Data segment:
====
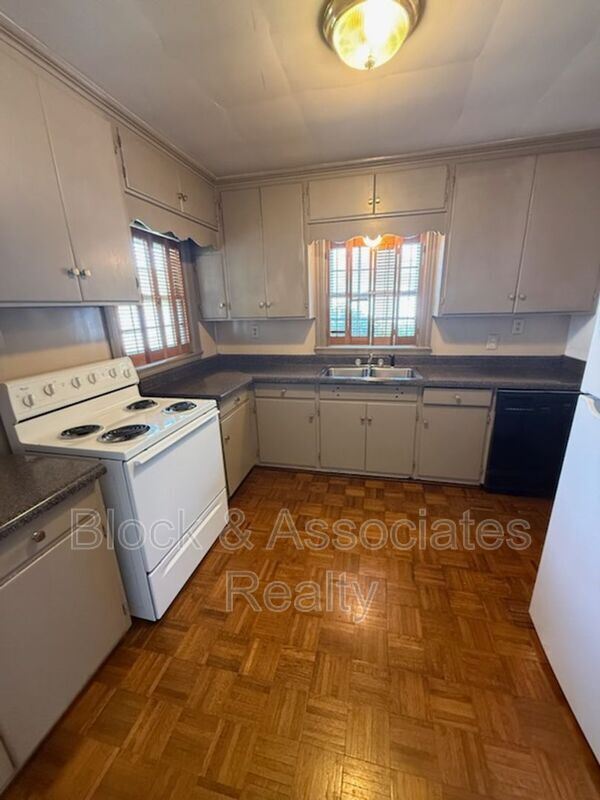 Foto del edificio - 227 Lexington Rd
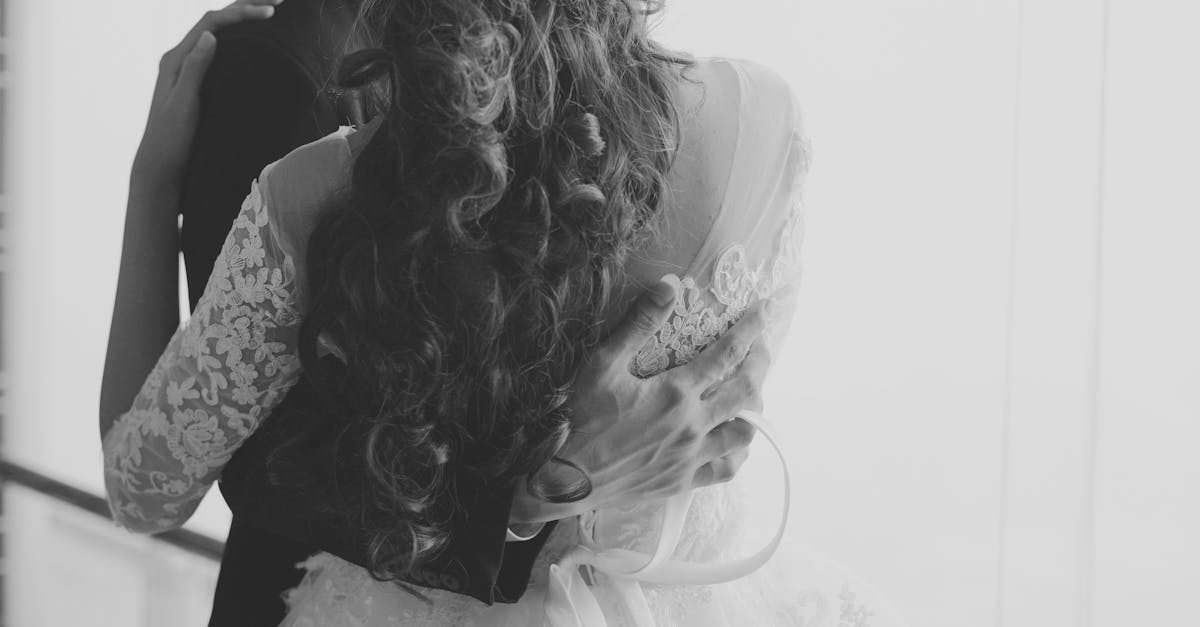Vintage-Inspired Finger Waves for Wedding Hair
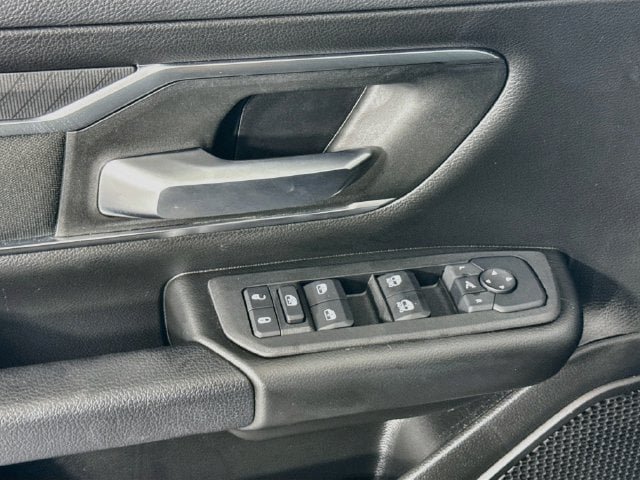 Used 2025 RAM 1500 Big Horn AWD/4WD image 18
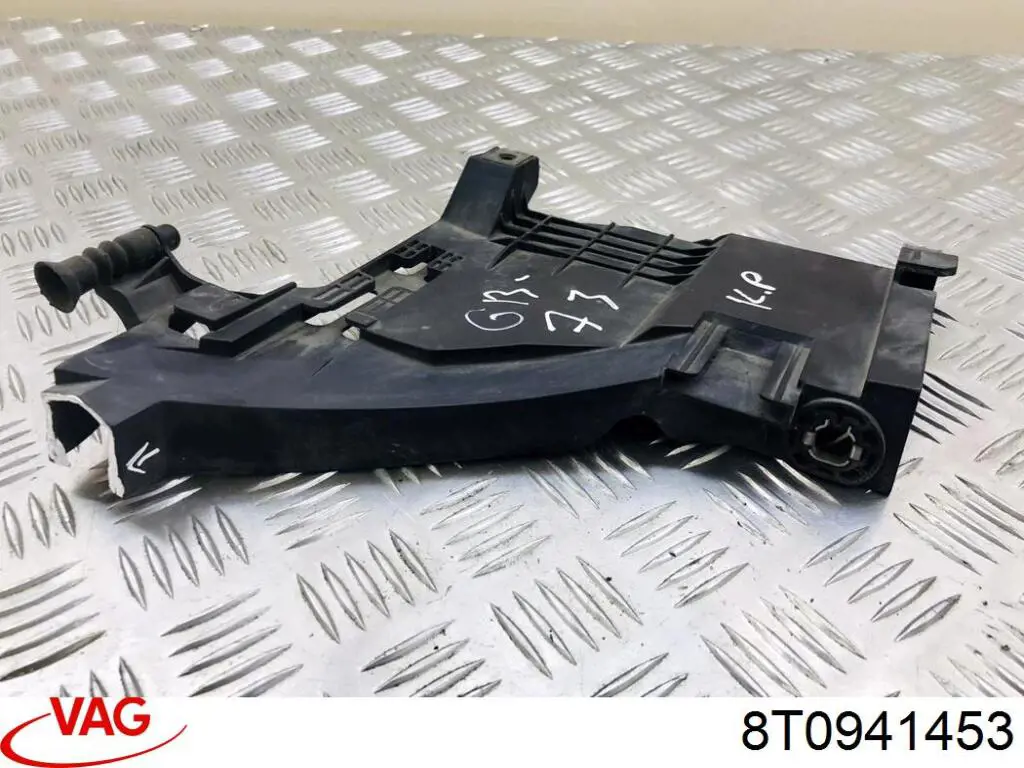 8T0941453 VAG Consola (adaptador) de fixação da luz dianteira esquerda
====
Activity: Whenever a line holds a picture, print that line without the picture. All other data must be output exactly.

Answer below:
 Foto del edificio - 227 Lexington Rd
Vintage-Inspired Finger Waves for Wedding Hair
 Used 2025 RAM 1500 Big Horn AWD/4WD image 18
 8T0941453 VAG Consola (adaptador) de fixação da luz dianteira esquerda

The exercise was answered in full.